- **Assignment**
Excluding pictures, transcribe precisely the lines from the one containing "image for item" to the final line of the listing below, inclusive, and nothing more.
Exercise material below:
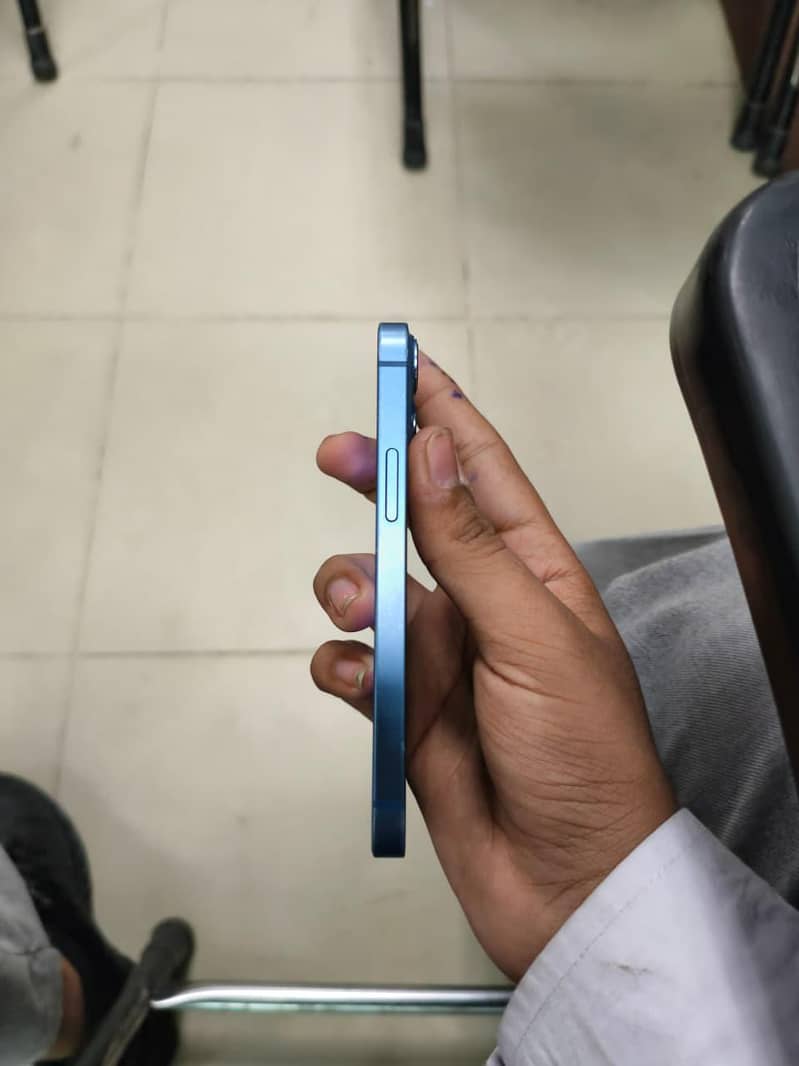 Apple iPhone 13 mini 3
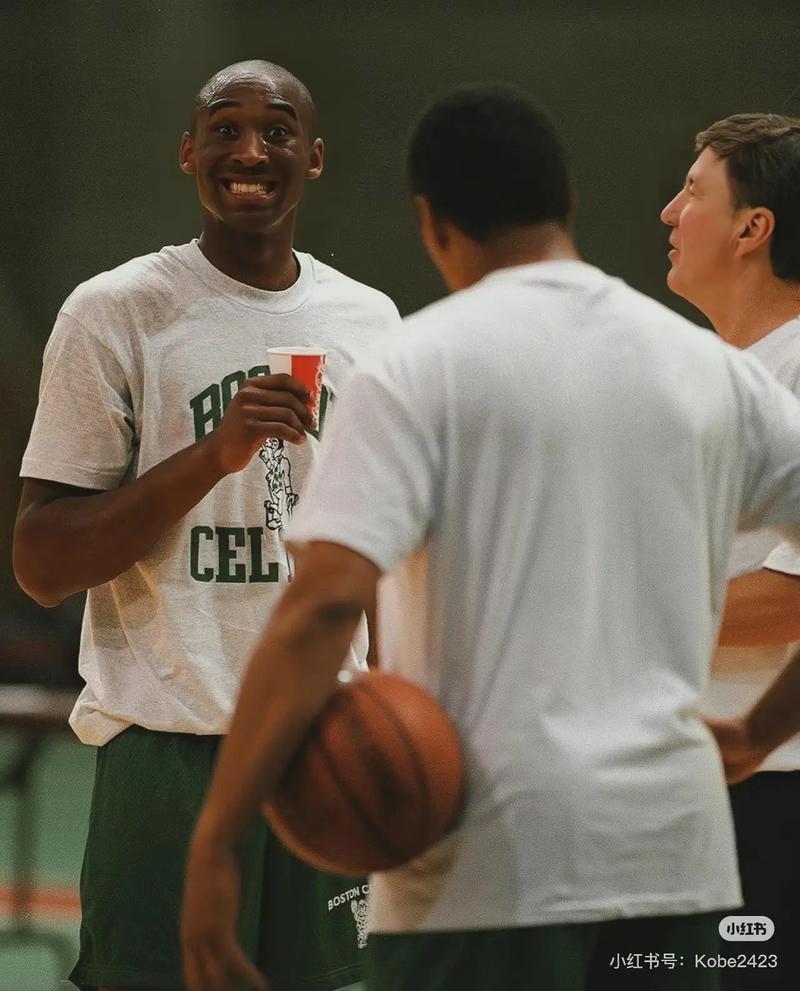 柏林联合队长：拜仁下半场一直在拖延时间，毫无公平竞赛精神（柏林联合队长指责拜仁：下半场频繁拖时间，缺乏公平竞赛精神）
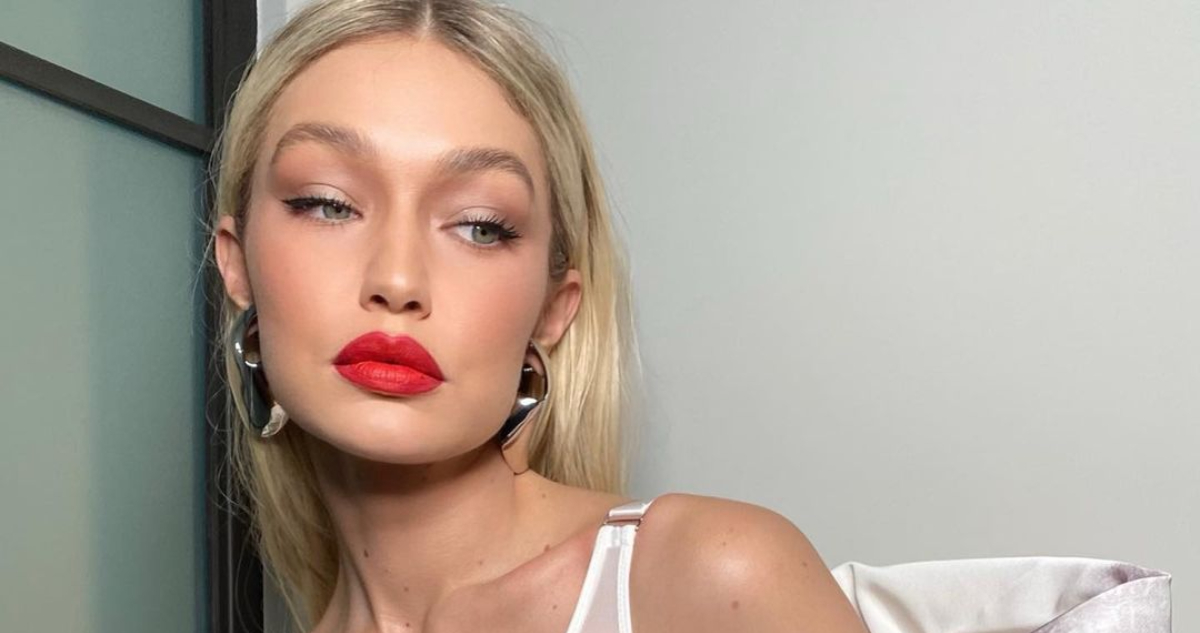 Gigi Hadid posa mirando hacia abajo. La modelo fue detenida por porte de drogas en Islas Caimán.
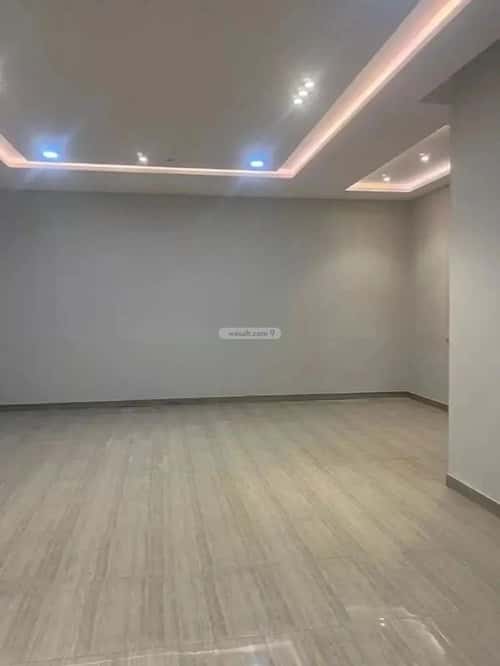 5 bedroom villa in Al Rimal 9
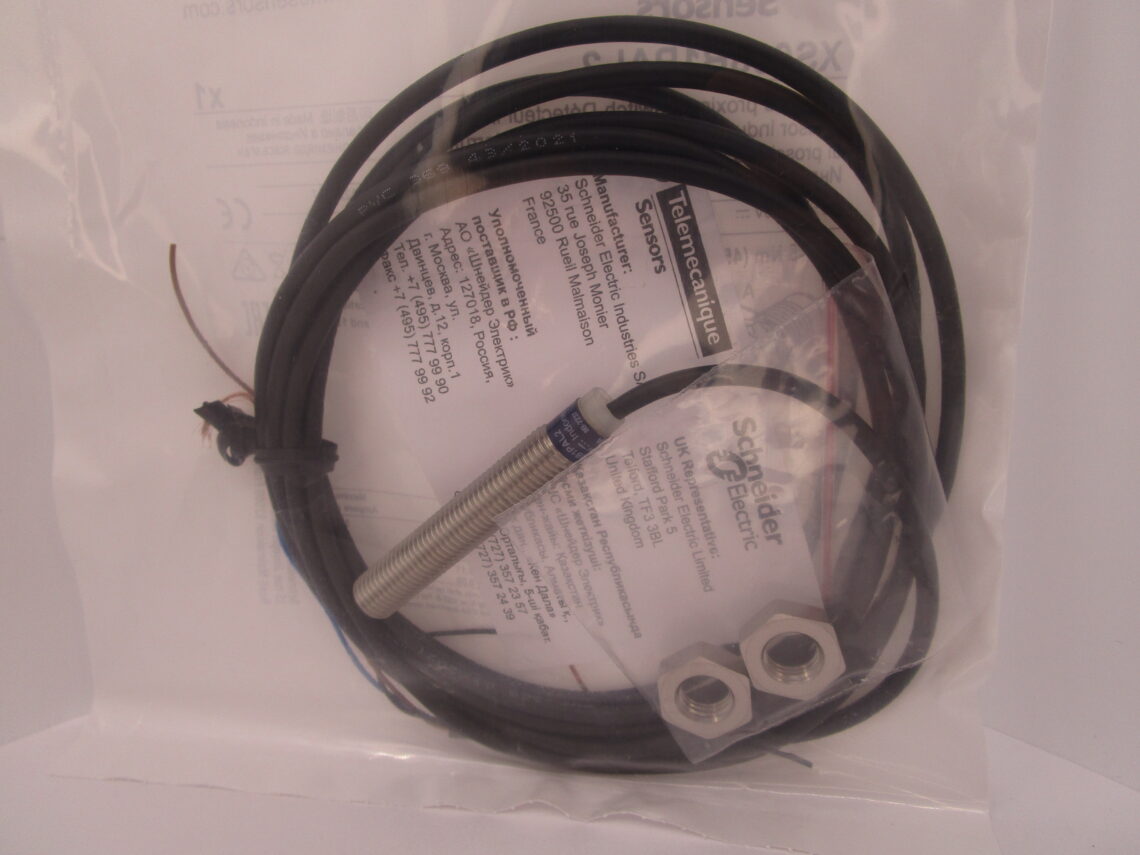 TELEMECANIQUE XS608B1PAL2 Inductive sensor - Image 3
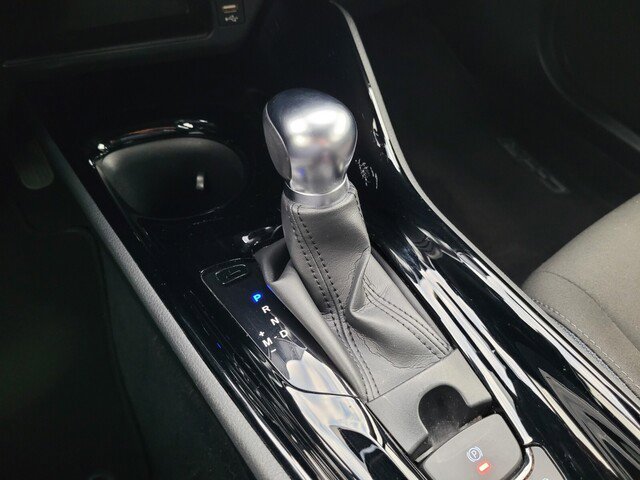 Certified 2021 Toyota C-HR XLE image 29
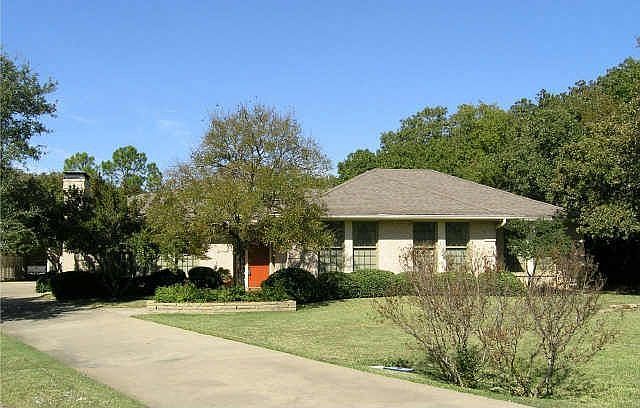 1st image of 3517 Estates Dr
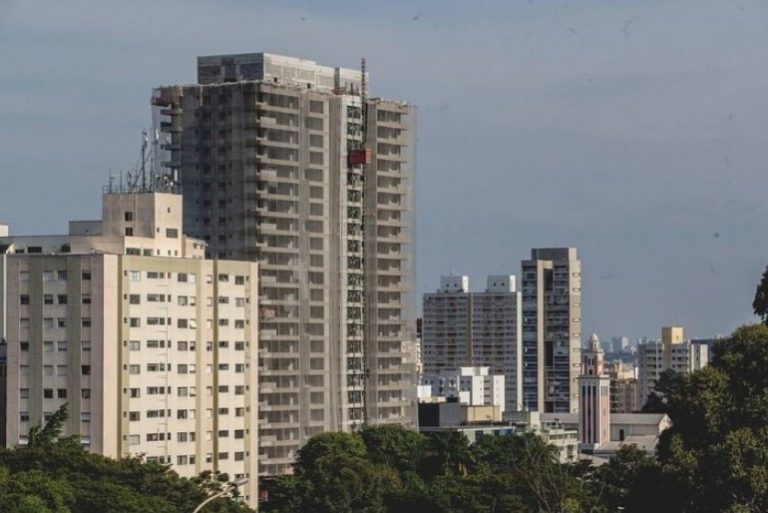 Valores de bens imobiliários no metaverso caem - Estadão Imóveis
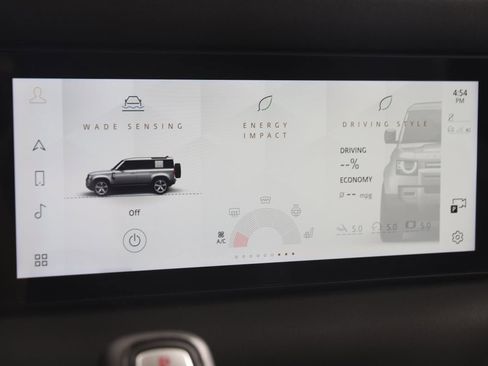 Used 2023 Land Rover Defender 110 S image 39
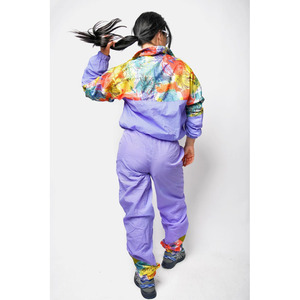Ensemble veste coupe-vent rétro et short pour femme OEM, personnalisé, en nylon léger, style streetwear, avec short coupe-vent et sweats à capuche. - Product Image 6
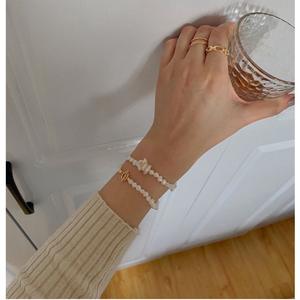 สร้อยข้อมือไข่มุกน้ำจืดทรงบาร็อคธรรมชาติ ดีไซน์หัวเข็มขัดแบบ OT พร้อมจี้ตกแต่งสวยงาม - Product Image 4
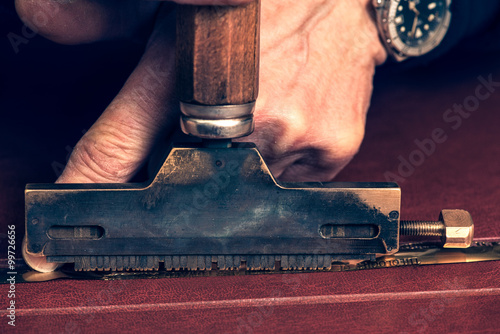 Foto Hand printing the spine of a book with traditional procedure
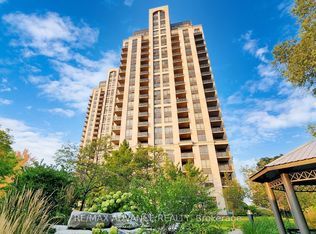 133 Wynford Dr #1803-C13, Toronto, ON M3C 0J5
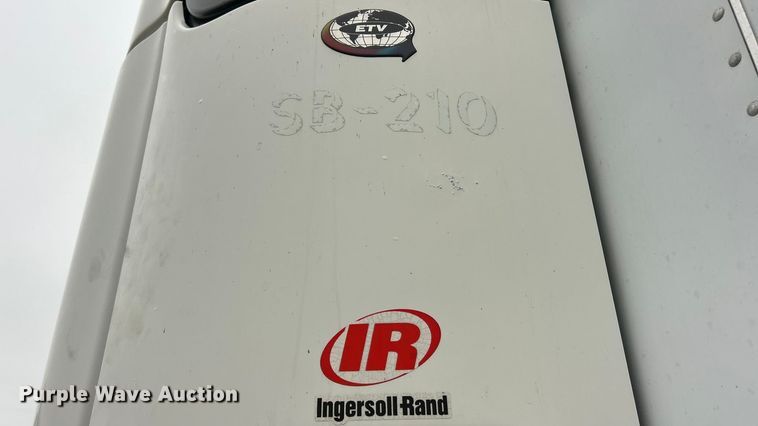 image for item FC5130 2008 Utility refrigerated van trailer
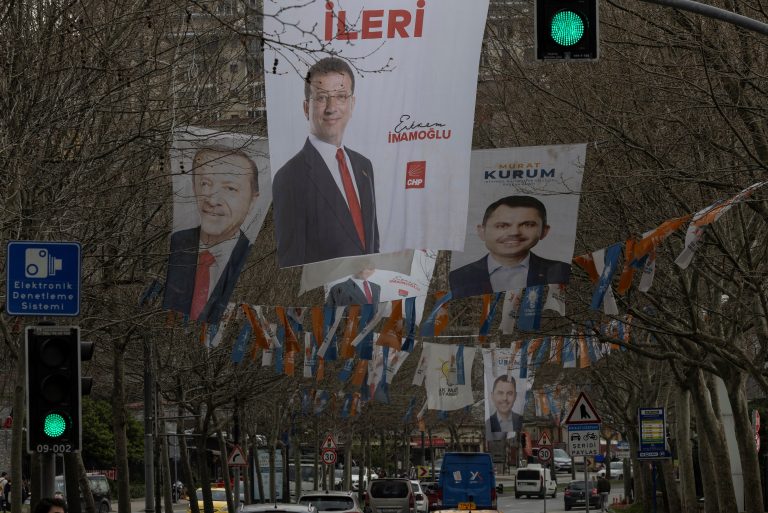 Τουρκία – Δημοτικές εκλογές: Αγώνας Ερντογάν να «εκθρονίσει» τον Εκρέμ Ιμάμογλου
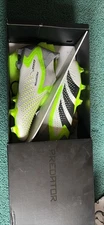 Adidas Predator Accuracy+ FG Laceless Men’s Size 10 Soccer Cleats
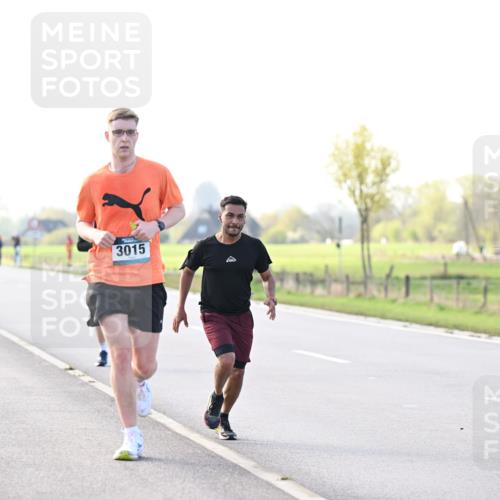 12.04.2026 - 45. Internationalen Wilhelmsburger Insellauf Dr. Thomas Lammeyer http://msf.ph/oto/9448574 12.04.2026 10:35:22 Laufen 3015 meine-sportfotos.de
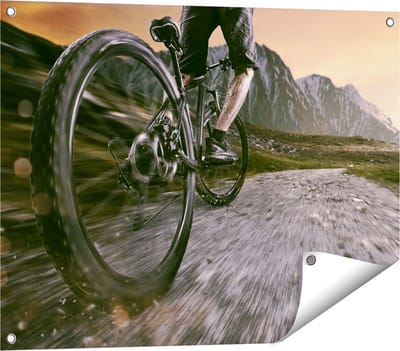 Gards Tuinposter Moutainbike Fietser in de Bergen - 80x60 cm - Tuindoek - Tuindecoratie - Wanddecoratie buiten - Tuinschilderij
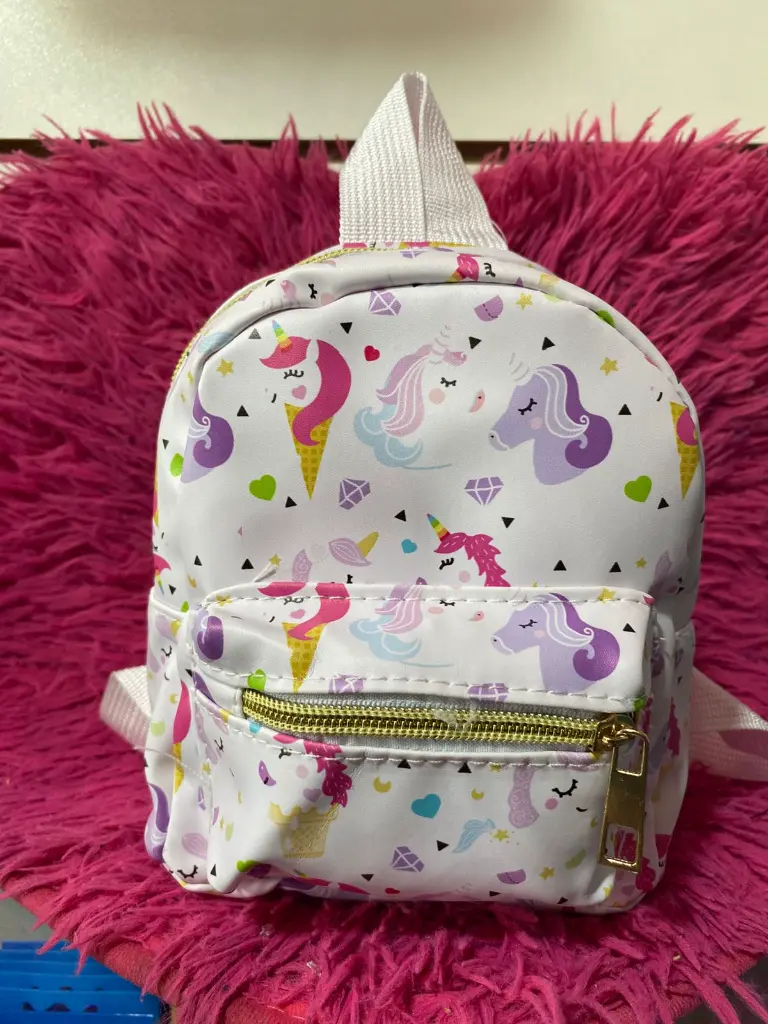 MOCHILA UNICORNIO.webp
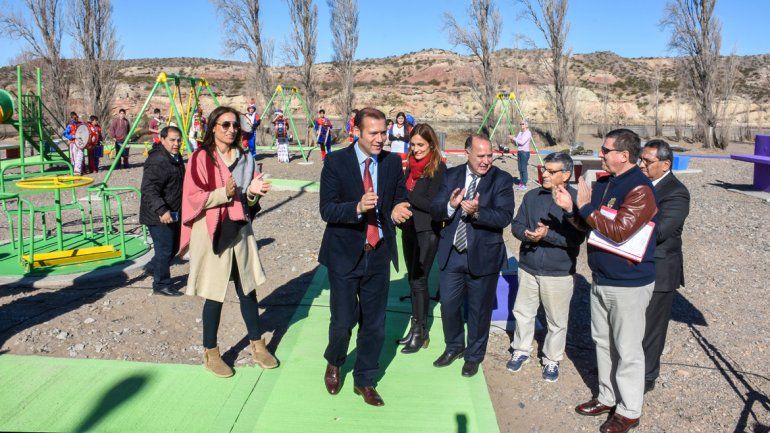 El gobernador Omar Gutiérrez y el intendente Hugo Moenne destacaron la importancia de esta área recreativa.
End of Exercise material.
- **Result for this exercise**
 image for item FC5130 2008 Utility refrigerated van trailer
 Τουρκία – Δημοτικές εκλογές: Αγώνας Ερντογάν να «εκθρονίσει» τον Εκρέμ Ιμάμογλου
 Adidas Predator Accuracy+ FG Laceless Men’s Size 10 Soccer Cleats
 12.04.2026 - 45. Internationalen Wilhelmsburger Insellauf Dr. Thomas Lammeyer http://msf.ph/oto/9448574 12.04.2026 10:35:22 Laufen 3015 meine-sportfotos.de
 Gards Tuinposter Moutainbike Fietser in de Bergen - 80x60 cm - Tuindoek - Tuindecoratie - Wanddecoratie buiten - Tuinschilderij
 MOCHILA UNICORNIO.webp
 El gobernador Omar Gutiérrez y el intendente Hugo Moenne destacaron la importancia de esta área recreativa.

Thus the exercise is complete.